Details clutter and Melissa is much better at this anyway. I would like to 
state, however, that I am, in fact, measuring performance accurately, but I 
use ancient machinery that runs slowly: Measuring performance on fast 
equipment often tends to cloud significant issues, in my experience.)

So there is my goal now: Find a Haskell program that generates small primes 
that is around 5 times faster than the one I have already that uses trial 
division. And I mean a Haskell program, not a C program that gets called from 
Haskell. Sure, if I wanted ultimate performance, I could perhaps just call 
some C code from Haskell. But the insistance on pure Haskell widens the 
perspective and makes it more likely that the programmer or the language 
designer and implementer learn something valuable.

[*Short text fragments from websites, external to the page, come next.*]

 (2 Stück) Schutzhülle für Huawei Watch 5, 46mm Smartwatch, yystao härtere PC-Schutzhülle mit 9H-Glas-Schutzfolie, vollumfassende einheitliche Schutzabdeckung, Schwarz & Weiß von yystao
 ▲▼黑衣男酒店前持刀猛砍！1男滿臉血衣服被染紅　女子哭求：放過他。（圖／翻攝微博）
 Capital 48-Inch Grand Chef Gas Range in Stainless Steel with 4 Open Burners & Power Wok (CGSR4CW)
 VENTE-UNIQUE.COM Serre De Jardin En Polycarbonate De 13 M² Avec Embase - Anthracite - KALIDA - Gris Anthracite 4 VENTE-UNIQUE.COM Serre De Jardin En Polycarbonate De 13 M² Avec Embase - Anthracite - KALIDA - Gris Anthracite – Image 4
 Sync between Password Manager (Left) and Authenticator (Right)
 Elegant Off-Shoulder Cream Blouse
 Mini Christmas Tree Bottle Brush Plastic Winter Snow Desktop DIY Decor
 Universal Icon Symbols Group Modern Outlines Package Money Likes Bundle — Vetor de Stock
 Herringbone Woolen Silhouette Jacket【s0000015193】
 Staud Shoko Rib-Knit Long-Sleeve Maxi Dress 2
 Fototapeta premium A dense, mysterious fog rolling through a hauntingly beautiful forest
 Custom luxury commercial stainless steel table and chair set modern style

The C sieving program uses an array to attain its impressive performance, so 
let us try that in Haskell as well. Something like this has been on my mind 
for a long time:

  accumArray (\x ->\y ->False) True (m,n) [(q,()) | q<-ps ]

Haskell arrays, like every other value, cannot be changed, but accumArray 
provides a facility that we just might manage to use for our purpose. The 
particular array computed by the above expression using accumArray requires a 
low and high limit (m,n) of the numbers to be sieved as well as a list of 
sieving values - ps - numbers that need to be crossed out as composite in the 
interval (m,n) given.

[The overhead involved in evaluating this expression with its unused () value 
and an indicator that is changed from True to False through throwing away two 
dummy values seems excessive. Any suggestion to write this up in a way that 
is more in agreement with the small amount of work that is actually required 
to do this would be most welcome. Or perhaps GHC (which is the compiler I use 
when I want things to run fast) takes care of things for me? In any case, 
this is my inner loop and even small improvements will matter.]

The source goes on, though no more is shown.